Garcia agreed with an organizer for the Minneapolis-based Resource Center of the Americas, Eduardo Cardenas, that renewed hope in Oaxaca depends on international interest.

“It seems that Oaxaca is in desperate need of international solidarity,” Garcia said. “Teachers unions and workers in different sectors need to step up.”

In St. Paul, public school teachers made solidarity with Oaxacan teachers a central theme of their union’s celebration honoring the anniversary of St. Paul teachers’ walkout 60 years ago. Still, demonstrations in front of the local Mexcian consulate here have been sparsely attended, according to Cardenas. Media coverage, meanwhile, has been almost non-existant.

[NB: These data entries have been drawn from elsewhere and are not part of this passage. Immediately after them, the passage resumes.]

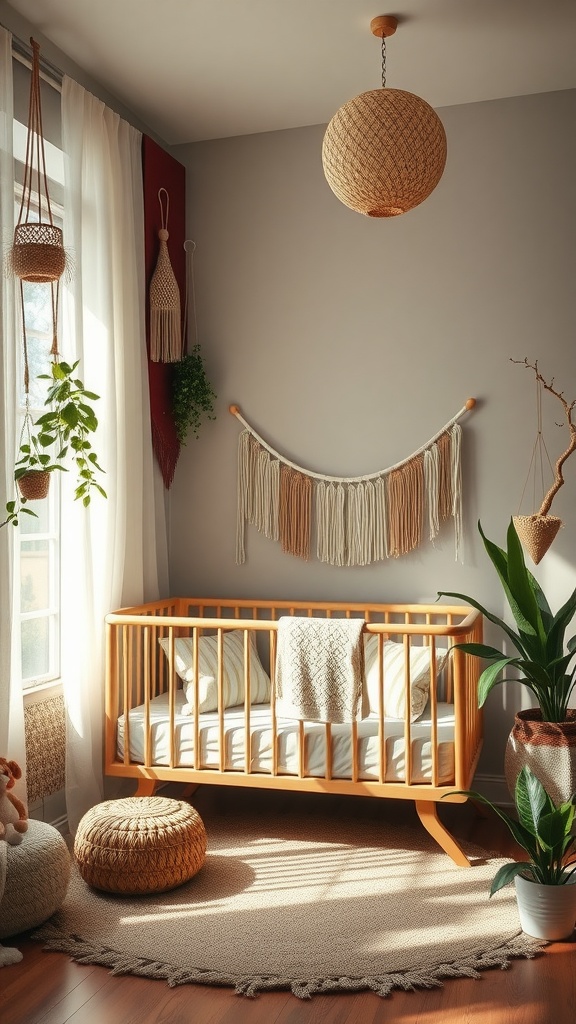 A cozy boho nursery featuring a wooden crib, plants, and natural decor.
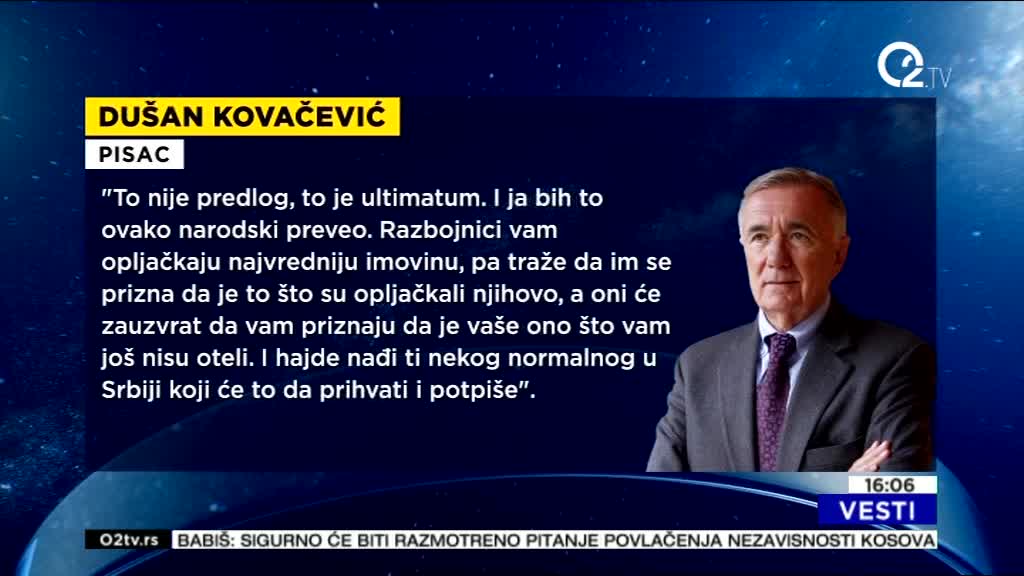 Dušan Kovačević o rešenju pitanja KiM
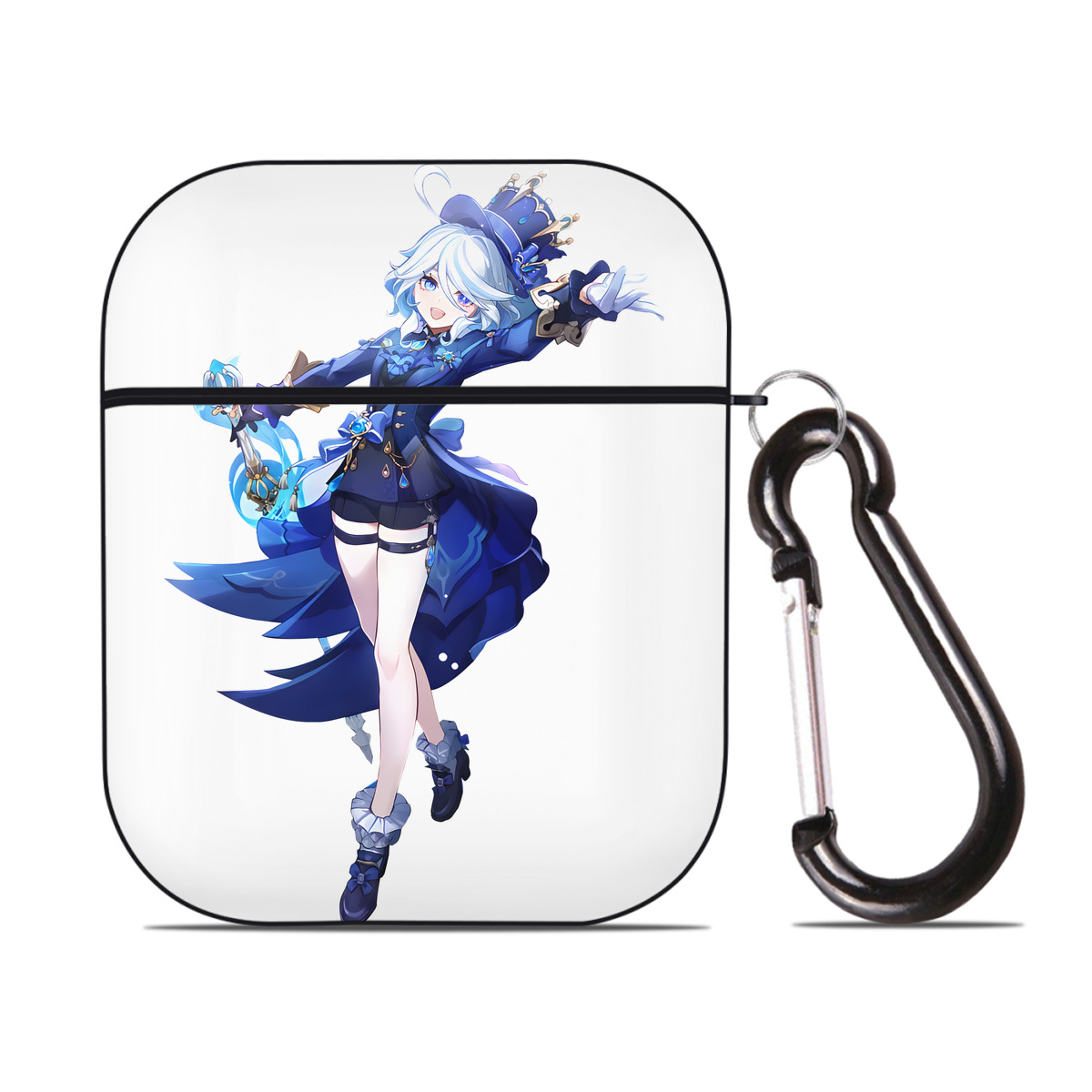 げんし神 フリーナ genshin Furina AirPods 第2世代保護ケース ハードシェル ブラック 耐衝撃・防指紋・カラビナ付き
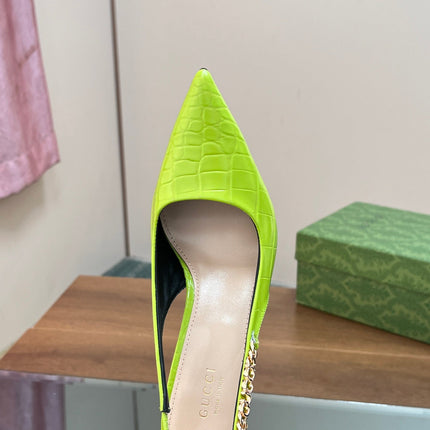 GG SIGNORIA SLINGBACK PUMP CHARTREUSE CALFSKIN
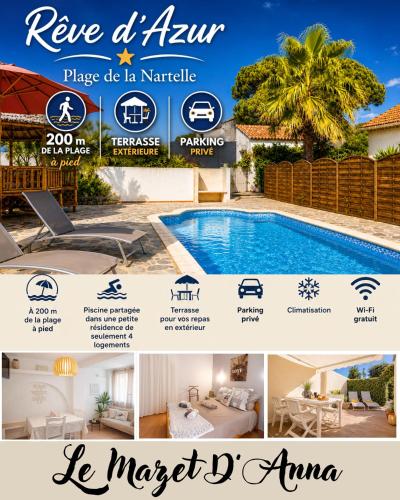 Mazet - Plage de la Nartelle à 200M- Piscine au sel -Terrasse- parking - BBQ- Séjour calme & détente draps inclus- Check-in 20h maximum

That disappoints Cardenas, who still holds out hope – perhaps the most powerful of emotions – that the struggle begun by the Oaxacan teachers and carried on by the APPO will not be in vain.

“Beyond the teachers’ demands, this has larger implications,” Cardenas said. “Here’s a process being undertaken to create a democratic system where there has not been one.

“That’s very scary to a lot of people in Latin America who (fear) this could ecourage people to take on similar actions. But as scary as it is to people like Vicente Fox, it is inspiring for people in places like Colombia, who look at the people of Oaxaca as an example, creating a fair, more participatory society.”